Back to our story about Rose.

So in August 1991, seven months before he died, Lang decides to change his will to give Rose a 50% share in certain mining tenements, that's places where you have mines.

The other 50% goes to Gina, and that completely goes against the Juna agreement.

Old man fading, Sark changes will just before death.

Classic.

So this new will was signed in December 1991.

But at this point, Gina still thought she would get everything.

And by the end of 1991, she'd rejoined the board of Hancock Prospecting.

But then in February 1992, Lang faxes Gina to say Rose had broken promises about her drug, her pill addiction, and that marriage was over.

And then...

In March, a deed for the sale of mining rights in an area named McCamey's Monster was drawn up.

And this completely nullified the new will.

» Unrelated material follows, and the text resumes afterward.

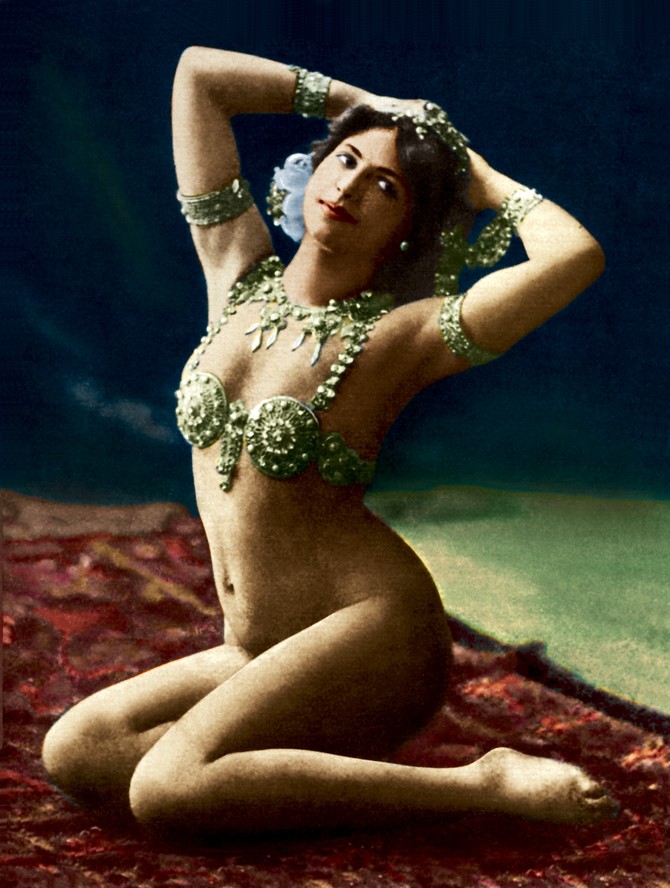 Mata Hari se predstavlja kao misteriozna plesačica sa Istoka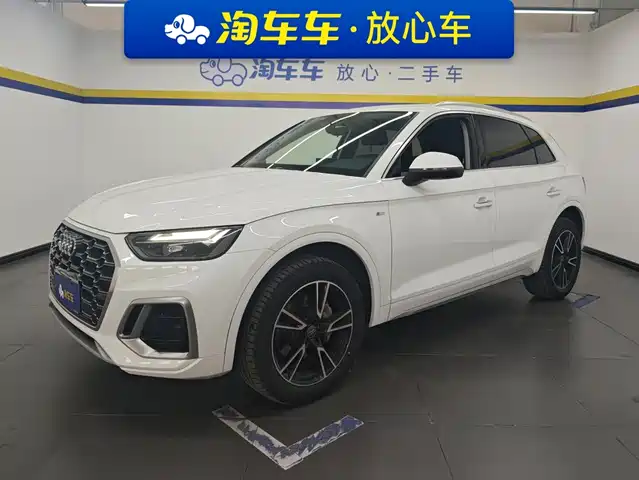 Audi Q5L 2021 — купить из Китая под заказ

It put all the assets in the hands of Gina and her family.

There were 49% going to her children in a trust and 51% going to Gina.

So everything's back to Gina.

And also, it also wiped out any other bequests, such as Lang's sister's children, cousins' children, staff, including Ken McCamey, whom McCamey's monster was named after.

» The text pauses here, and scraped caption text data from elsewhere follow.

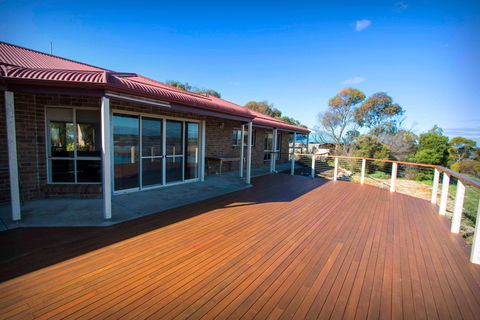 Limestone Ridge - Holiday House - Accommodation Brisbane 0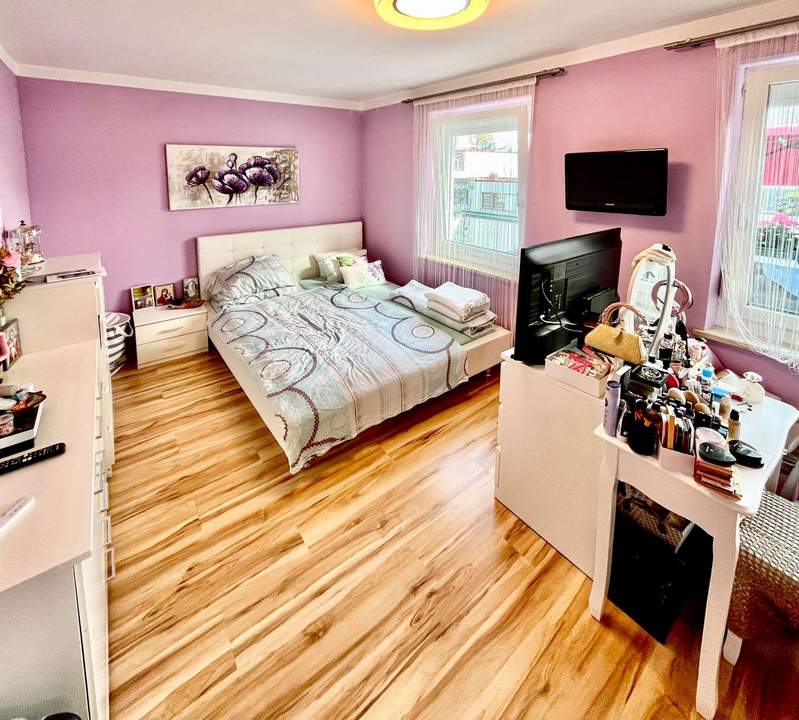 Neuer Preis ! Sonnige 3 Zimmer-Wohnung mit Balkon & Tiefgarage in Neumarkt am Wallersee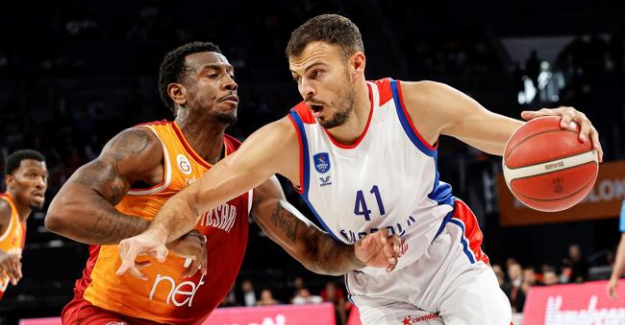 Anadolu Efes Galatasaray NEF'i 77-68 mağlup etti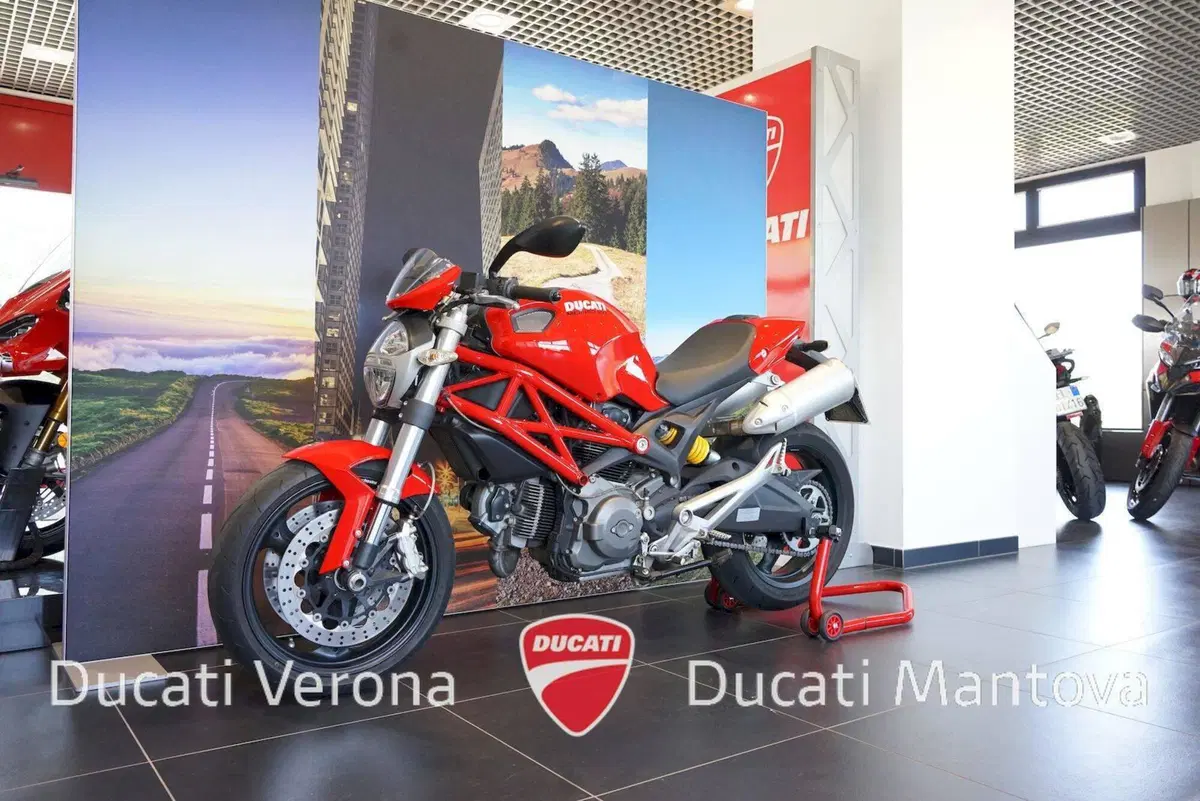 Ducati Monster 696 Plus (2007 - 14) (12)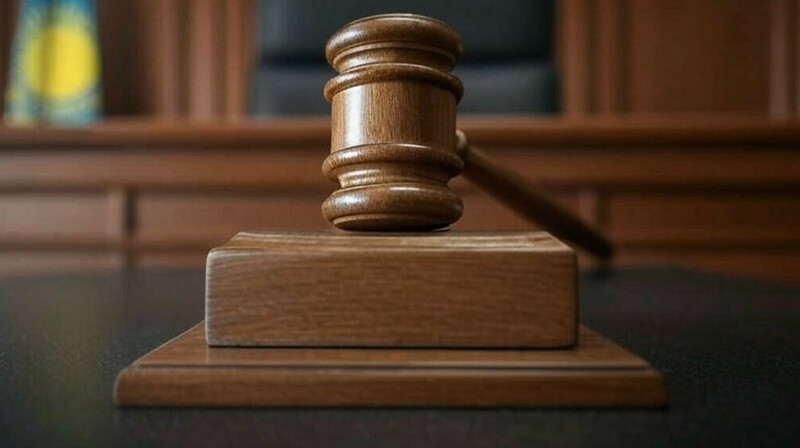 Алматинца приговорили к 11 годам за подстрекательство к взятке чиновникам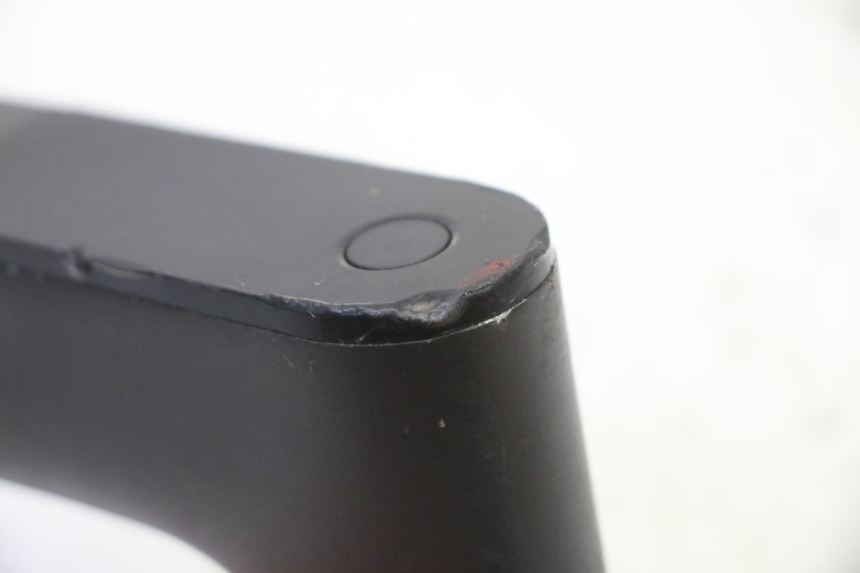 photo de TACHOMETER  XIAOMI MI PRO 2 1 - Details der Befestigungspunkte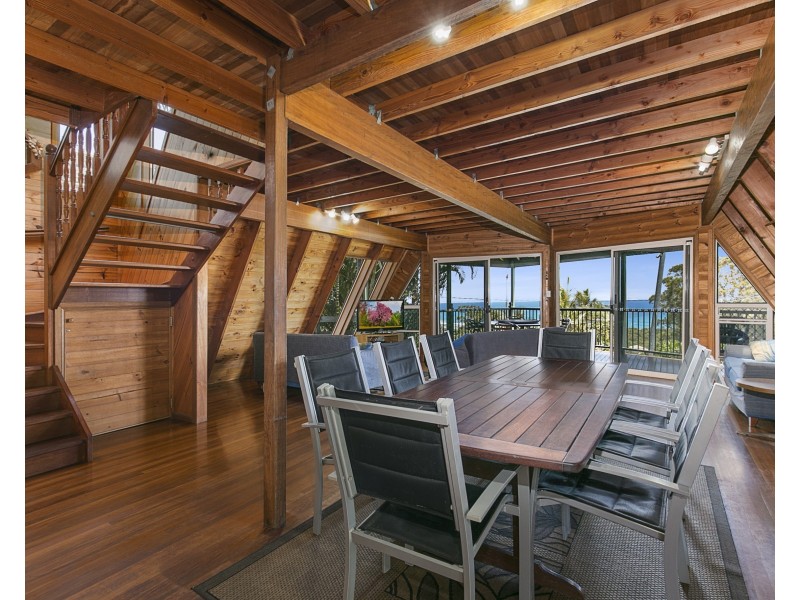 4 Merinda Crescent, Point Lookout QLD 4183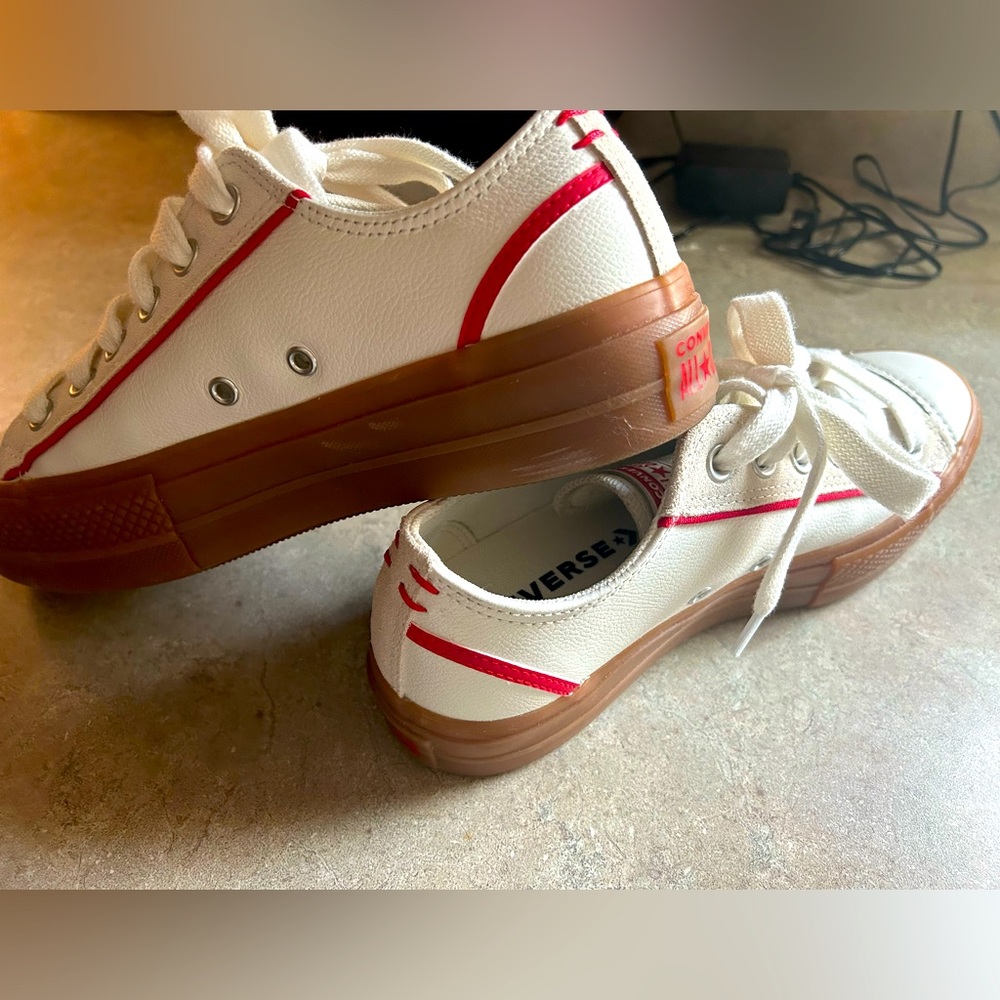 Converse Lift Leather Sneakers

So Gina essentially gets the lot.

Now, Lang was very ill when he signed that deed, and some argue that he actually had no idea what he was doing.

You know, at the time, he was a shadow of a man, he'd shrunk to 62 kilos and you know the cardiologist treating him said he had gangrene in the feet, he had anemia, he's bed sores, he was not a well man.

And in fact, seven days later, aged 82, he died.

So Gina inherits the company and all the money it could generate.

And as her unauthorized biographer, Adele Ferguson wrote, Almost from the day she was born, her father had brought her up to be the successor of the Hancock Empire.

This helped shaped her personality and made her tough, ruthless, and single-minded when it came to getting what she believed was hers.

And she certainly did get that inheritance.

So Gina in this Rose versus Gina who's going to get the money, Gina comes out on top.

Now let's break down what Gina actually inherited.

Various sources estimated Hancock prospecting to be worth about $75 million and the Rio Tinto royalties add roughly $12 million a year in 1992.

But Gina has regularly disputed the fact that she inherited that much.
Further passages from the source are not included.